**Megatron-FSDP** is an NVIDIA-developed PyTorch extension that provides a high-performance implementation of Fully Sharded Data Parallelism (FSDP)
Project description
🚀 Megatron-FSDP
✨ What is Megatron-FSDP?
Megatron-FSDP is an NVIDIA-developed PyTorch extension that provides a high-performance implementation of Fully Sharded Data Parallelism (FSDP). It offers seamless cross-compatibility with major deep learning frameworks and parallelism libraries, making it easy to scale your PyTorch models across multiple GPUs and nodes.
Megatron-FSDP can provide up to 25% speed up and 23% memory savings compared to FSDP2.
Compatibility
✨ Features
- Easy Integration: Simple
fully_shardfunction for quick model parallelization - High Performance: Optimized for NVIDIA GPUs with efficient memory management
- Cross-Framework: Works seamlessly with PyTorch, Huggingface Transformers, Megatron-LM, Megatron Bridge and TransformerEngine
- Scalable: Supports both single-node multi-GPU and multi-node distributed training
- Flexible Configuration: Configurable sharding strategies and process groups
⚡ Optimizations
- Advanced Bucketing: Data-type aware bucketing system to minimize the overhead of collective operations
- Buffer Management: Zero copy communication is achieved by reorganizing the storage of parameters and main grad with
ParamAndGradBufferclass - Communication Overlapping: Improved communication overlap of paramter all-gather and gradient reduce-scatter
- FP8 Mixed Precision with Transformer Engine: Compatibility with Transformer Engine enables efficient FP8 mixed precision training
- Gradient accumulate fusion support with Transformer Engine: Remove the explicit gradient copy to the communication buffer in backwards pass
Advanced Collective Communication
- SM Usage Reduction with SHARP: FSDP's
All-Gather(AG) andReduce-Scatter(RS) collectives are designed to overlap with compute kernels. However, standard NCCL communication kernels can consume a significant number of GPU SMs (e.g., 16-32 SMs), "stealing" resources from compute (GEMM) kernels and reducing overall TFLOPS. - In-Switch Processing: We leverage SHARP (Scalable Hierarchical Aggregation and Reduction Protocol) to offload these collective operations. SHARP performs aggregation and reduction computations directly on the network switches (InfiniBand or NVLink Switch) instead of on the GPU SMs. This dramatically reduces the SM consumption for communication to 1-6 SM freeing up GPU resources for compute. It also provides lower communication latency, especially in large, scaled-out workloads.

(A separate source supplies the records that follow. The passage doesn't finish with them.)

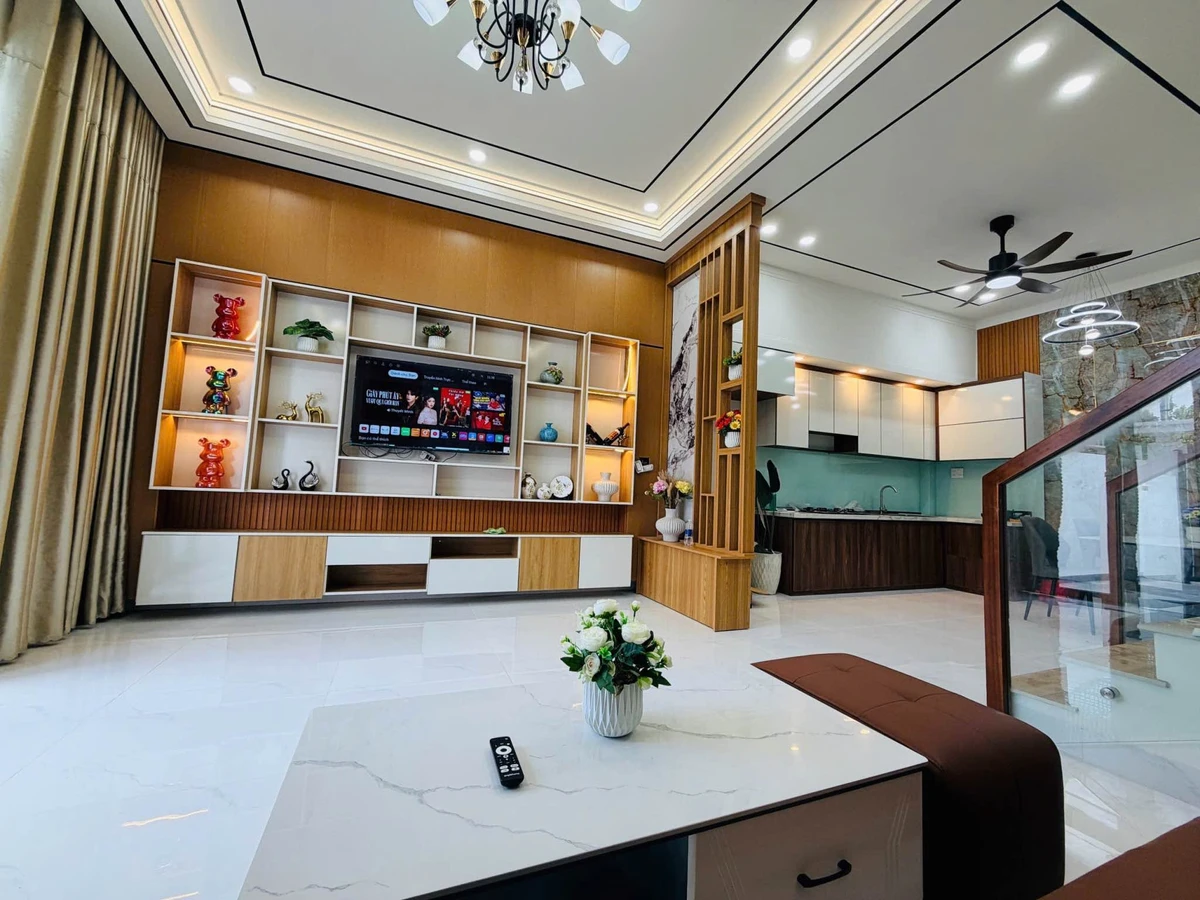 Bán nhà 3 phòng ngủ full nội thất 5x23m, giá 1 tỷ 950 triệu tại Phường Bảo Vinh - Ảnh thu nhỏ 4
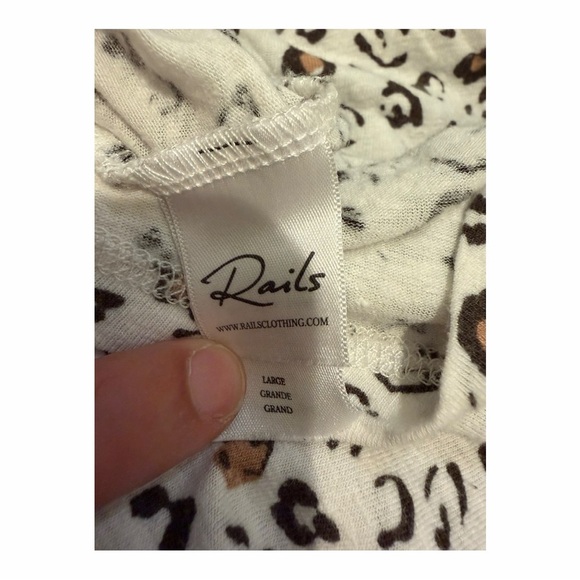Rails Leopard Print Linen Blend Henley Button Front Long Sleeve Top – Size L - Picture 7 of 9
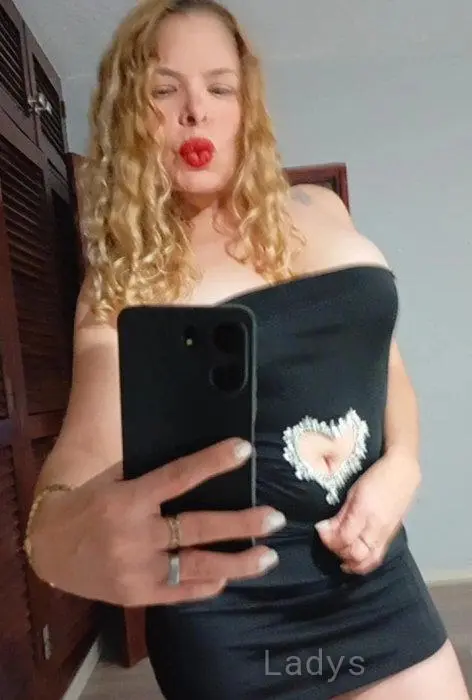 Nika, 26 years beautiful nude Parnu escorts girl, height 165 sm, Weight 64 kg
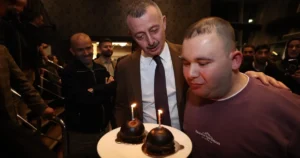 Kocaeli Büyükşehir Belediye Başkanı Tahir Büyükakın tarafından özel bireylere verilen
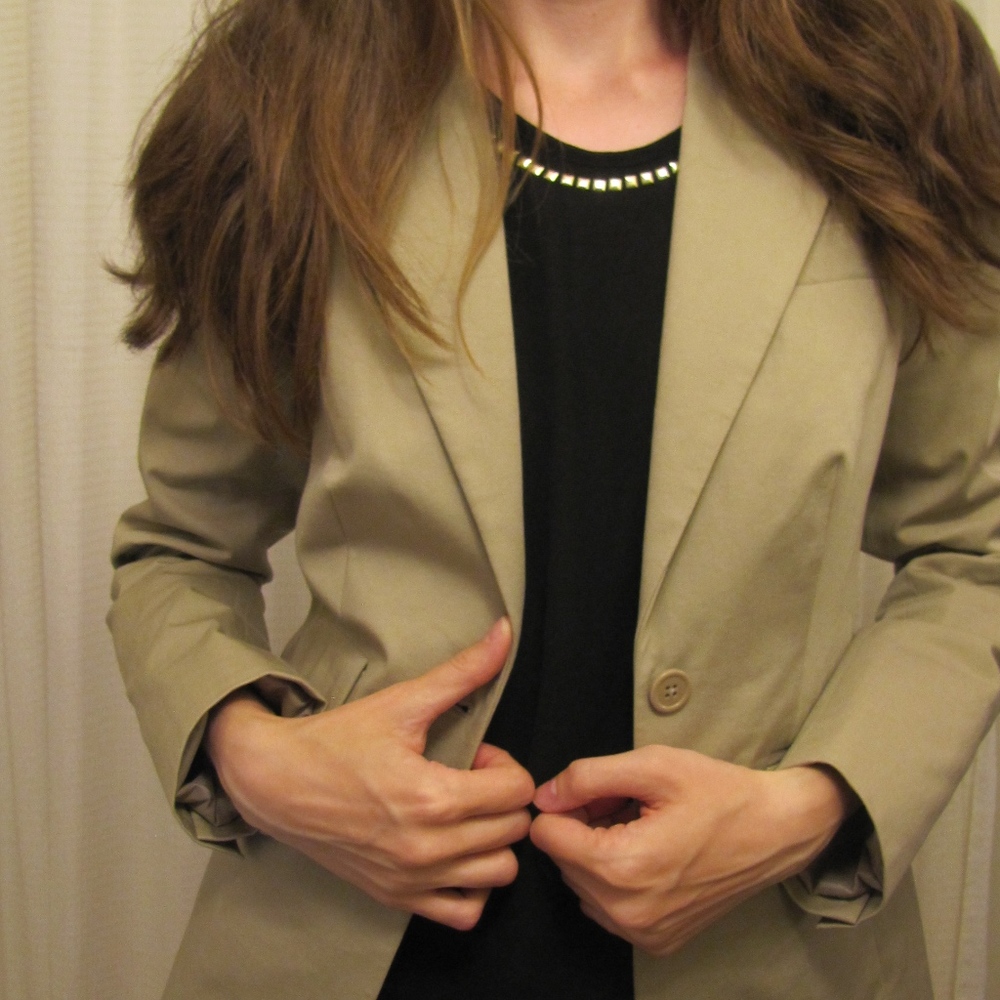Body by Victoria Beige Blazer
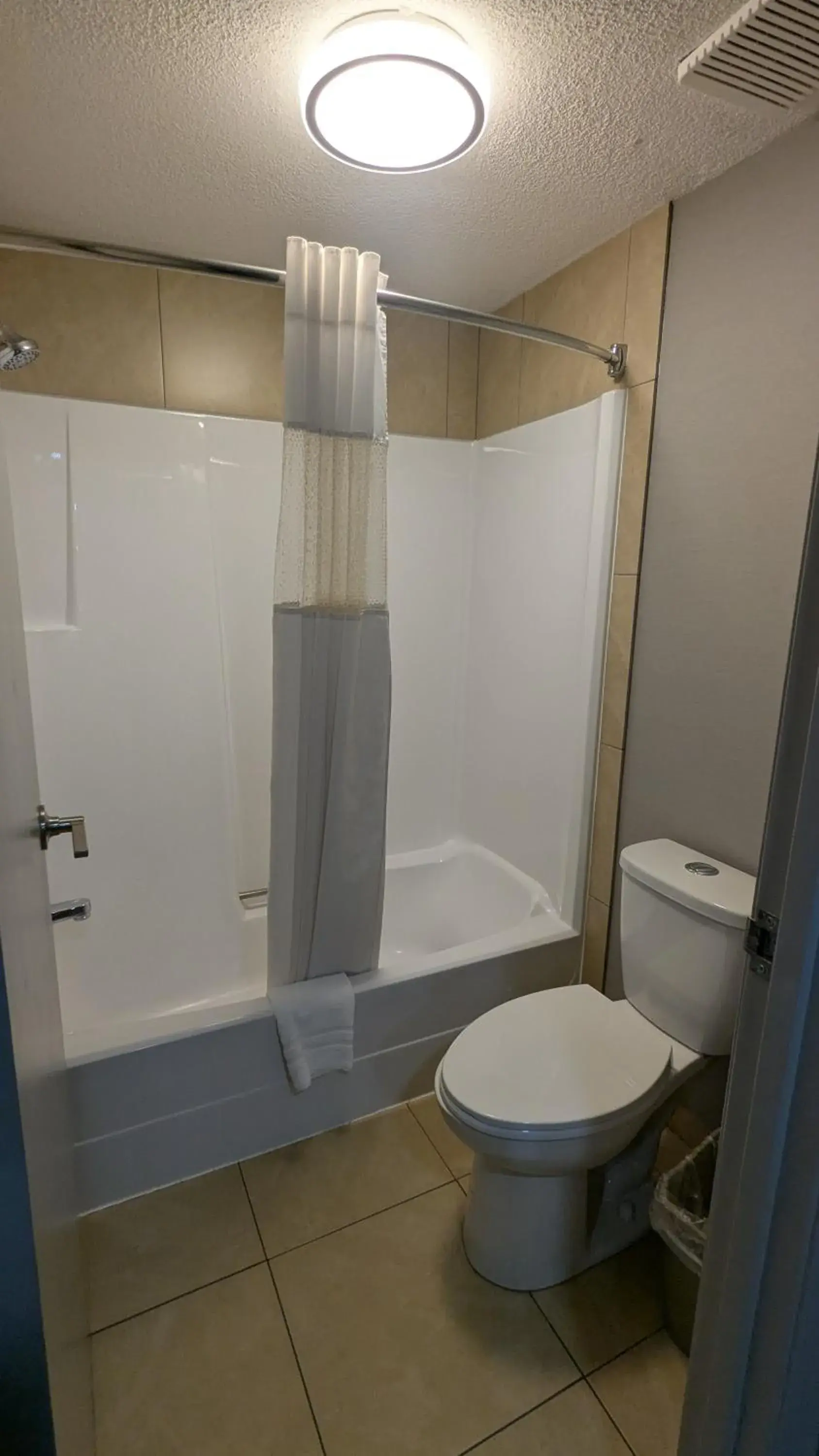 Queen Room - Non-Smoking in Ramada by Wyndham Medicine Hat Queen Room - Non-Smoking in Ramada by Wyndham Medicine Hat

- Symmetric Optimizations for MNNVL: We support symmetric-based optimizations, introduced in NCCL v2.27, which enable switch offloading for Multi-Node NVLink (MNNVL) systems such as GB200/GB300. This allows the same SM-saving benefits over the high-bandwidth NVLink fabric itself.
- Hierarchical Collectives: When an FSDP sharding domain spans both NVLink and InfiniBand, the library utilizes hierarchical SHARP collectives (e.g., NVL-SHARP + IB-SHARP) to optimize the communication path across the entire system topology.
📦 Installation
pip install megatron-fsdp
- PyPI: https://pypi.org/project/megatron-fsdp/
- Source Code: https://github.com/NVIDIA/Megatron-LM/tree/main/megatron/core/distributed/fsdp/src
🚀 Quick Start
Basic Usage
Transform your PyTorch model to use Fully Sharded Data Parallelism with just a few lines:
import torch
from megatron_fsdp import fully_shard
# Your existing model and optimizer
model = YourModel()
optimizer = torch.optim.Adam(model.parameters(), lr=1e-3)
# Enable FSDP with Megatron-FSDP.
# Alternatively, you can use fully_shard_model() followed by fully_shard_optimizer()!
model, optimizer = fully_shard(
model,
optimizer,
device_mesh=device_mesh, # Your global DeviceMesh.
dp_shard_dim="dp_shard_cp", # Sharding across the flattened DP-CP mesh.
fsdp_unit_modules=[YourTransformerBlock], # Modules to shard.
)
# Your model is now ready for distributed training!
Comparison with FSDP-2
fully_shard / fully_shard_model / fully_shard_optimizer are simple entrypoints into MegatronFSDP.
- No need to call
fully_shardon all the sub-modules, just pass your sub-module classes or import paths tofully_shard! - One liner for the sharding change, which seamlessly preserves the identity of your training loop.
Compare this with FSDP2:
import torch
from torch.distributed.fsdp import fully_shard
# Your existing model and optimizer
model = YourModel()
optimizer = torch.optim.Adam(model.parameters(), lr=1e-3)
# Enable FSDP with FSDP2
for module in model.modules():
if isinstance(module, YourTransformerBlock): # Sub-Modules to shard
fully_shard(module)
fully_shard(model)
# Your model is now ready for distributed training!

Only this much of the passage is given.